The Internal Revenue Service will send the payments on the 15th of the month, unless it falls on a holiday or weekend, through December. Eligible parents will receive $300 a month for each child under age 6 and $250 for each one ages 6 to 17.
To reach low-income households that don’t typically file taxes, the agency is setting up a portal to allow them to submit their information. This will allow them to claim both the enhanced child tax credit and stimulus payments they might have missed. A similar online form existed last year to allow low-income Americans to receive the first round of stimulus checks from the March 2020 relief package.
Meanwhile, the IRS will also launch a separate portal to allow parents to update their address, bank account information and family size, as well as opt out of the monthly payments in favor of receiving the tax credit as a lump sum next year when they file their return.
More details about the portals will be announced in coming weeks, a senior administration official said. The administration also plans to launch an outreach campaign to inform families about the enhanced payments and the portals.
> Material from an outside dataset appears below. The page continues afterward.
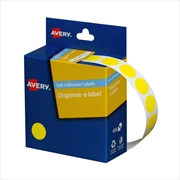 Buy AVERY Display Ylw 14mm Roll1050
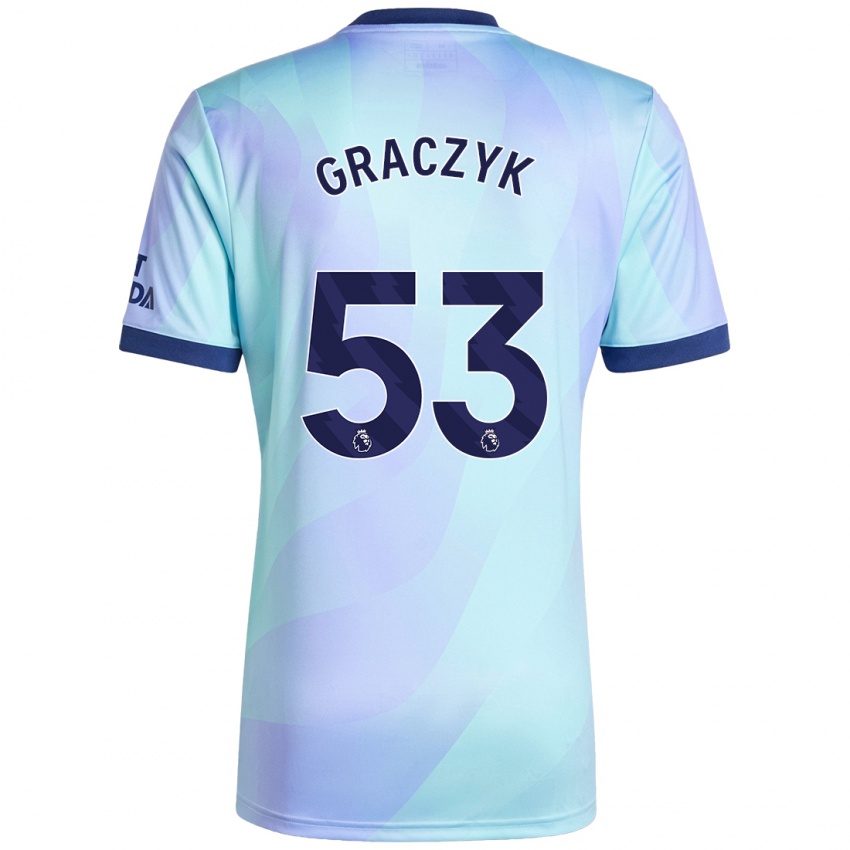 Damen Hubert Graczyk #53 Aquamarin Ausweichtrikot Trikot 2024/25 T-Shirt Österreich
A bigger boost for one year
Under the American Rescue Plan, families can receive a credit totaling $3,600 for each child under 6 and $3,000 for each one under age 18 for 2021. This is up from the current credit of up to $2,000 per child under age 17. The enhanced portion of the credit will be available for single parents with annual incomes up to $75,000, heads of households earning $112,500 and joint filers making up to $150,000 a year.
The package also makes the tax credit fully refundable so that more low-income parents can take advantage of it. Until now, it has only been partially refundable — leaving more than 20 million children unable to get the full credit because their families’ incomes are too low.
Lawmakers also wanted to make it easier for parents to use the funds to cover their expenses during the year. So the law calls for sending families half the credit on a monthly basis, from July through December. They will then claim the other half on their 2021 tax returns.
Initially, the IRS was uncertain whether it would be able to provide the credit on a monthly basis starting in July, but Commissioner Charles Rettig told lawmakers last month that the agency is on track to meet that deadline.
The enhanced child tax credit alone is expected to cut child poverty nearly in half. In total, the Democrats’ relief package is projected to reduce the share of kids in poverty by more than half, lifting more than 5 million children out of poverty this year.